### Exercise aim
Begin at the line that has "شلوار Klieder Bauer", stop after the line that has "Traktor Elektrik", and print exactly those lines from the records below, without any pictures.

### Records shown
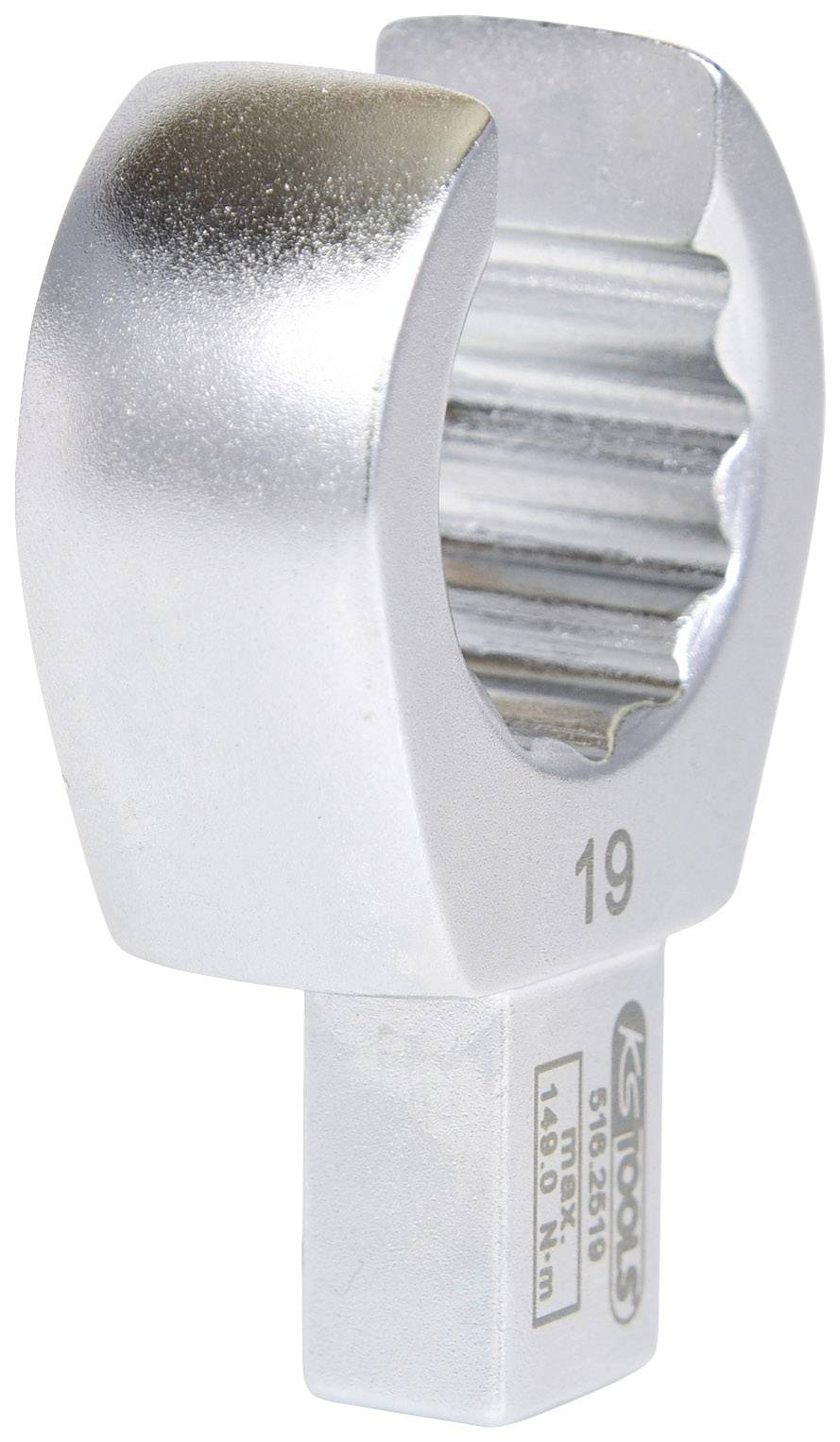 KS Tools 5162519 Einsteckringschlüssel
---
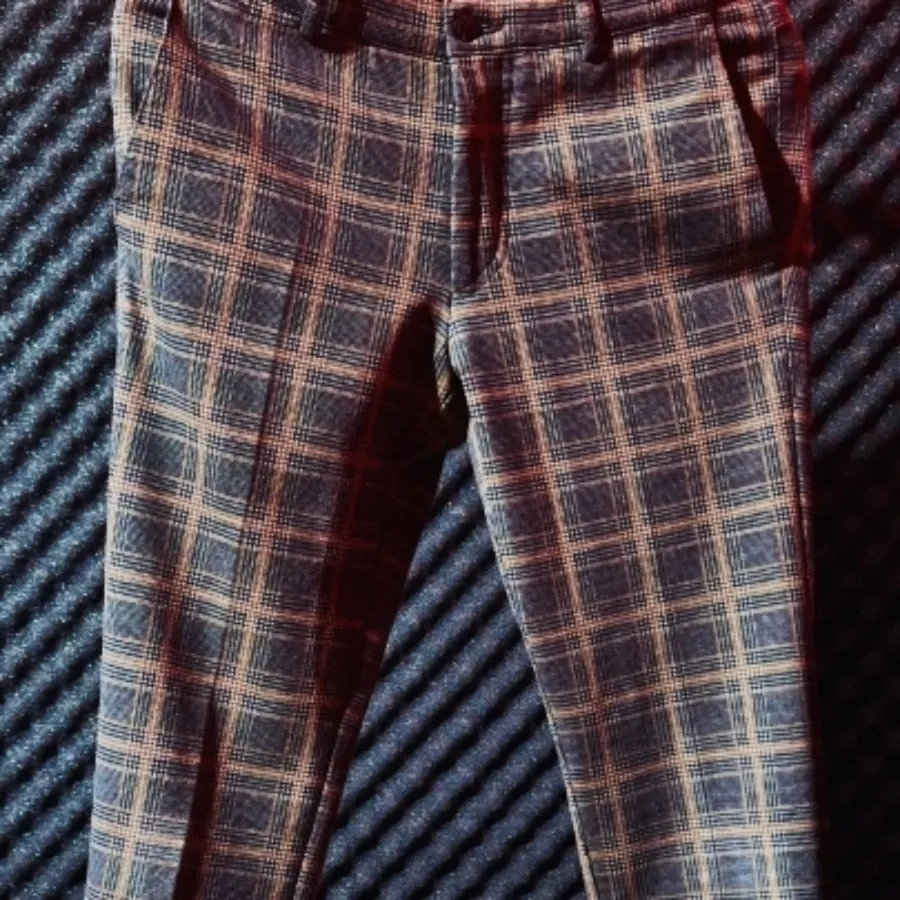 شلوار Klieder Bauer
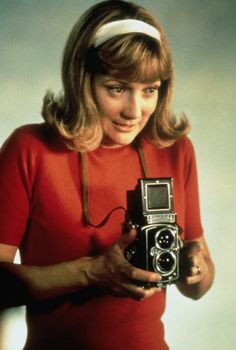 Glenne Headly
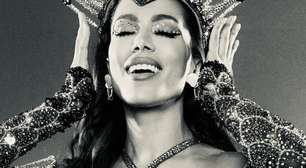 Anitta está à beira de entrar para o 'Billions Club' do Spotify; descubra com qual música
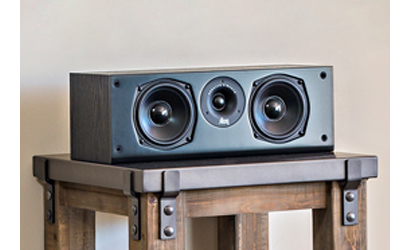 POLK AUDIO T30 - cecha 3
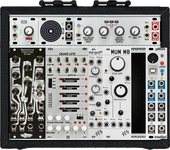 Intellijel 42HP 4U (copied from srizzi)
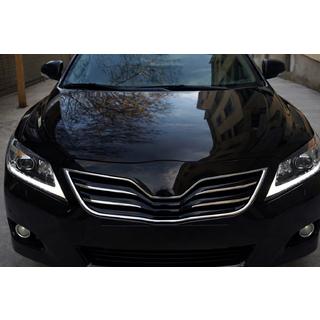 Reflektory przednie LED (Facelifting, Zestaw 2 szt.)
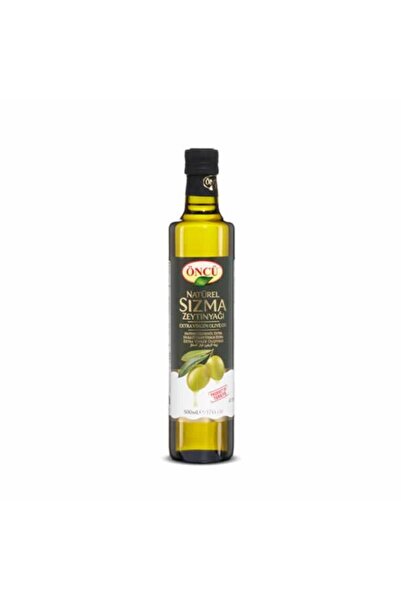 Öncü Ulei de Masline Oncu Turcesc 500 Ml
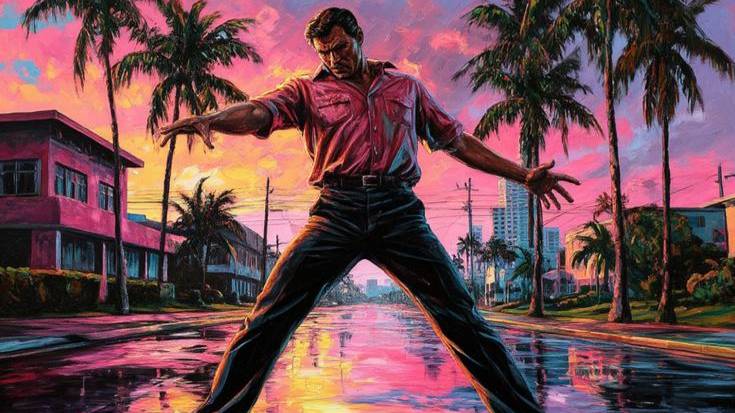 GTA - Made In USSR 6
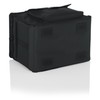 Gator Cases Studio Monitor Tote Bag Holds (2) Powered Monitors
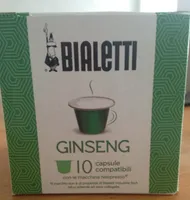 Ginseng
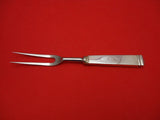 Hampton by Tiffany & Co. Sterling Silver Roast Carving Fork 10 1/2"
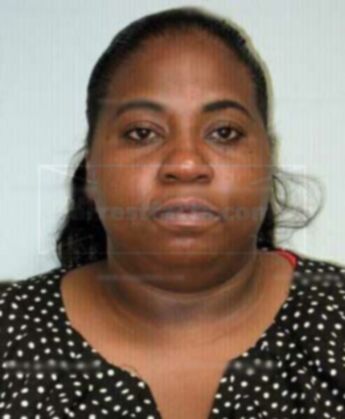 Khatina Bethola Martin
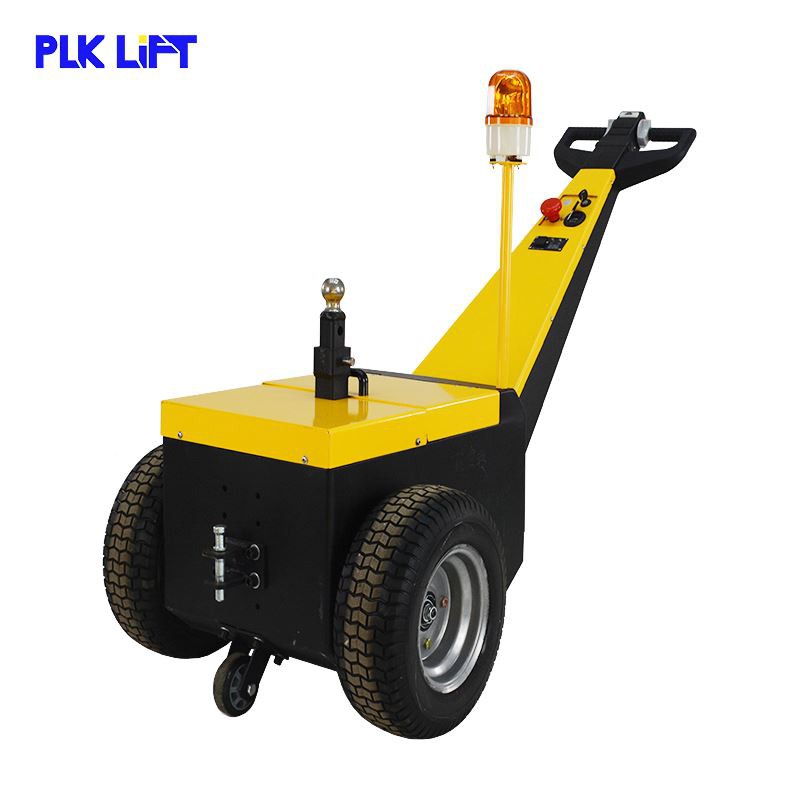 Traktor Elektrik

### Task result
 شلوار Klieder Bauer
 Glenne Headly
 Anitta está à beira de entrar para o 'Billions Club' do Spotify; descubra com qual música
 POLK AUDIO T30 - cecha 3
 Intellijel 42HP 4U (copied from srizzi)
 Reflektory przednie LED (Facelifting, Zestaw 2 szt.)
 Öncü Ulei de Masline Oncu Turcesc 500 Ml
 GTA - Made In USSR 6
 Gator Cases Studio Monitor Tote Bag Holds (2) Powered Monitors
 Ginseng
 Hampton by Tiffany & Co. Sterling Silver Roast Carving Fork 10 1/2"
 Khatina Bethola Martin
 Traktor Elektrik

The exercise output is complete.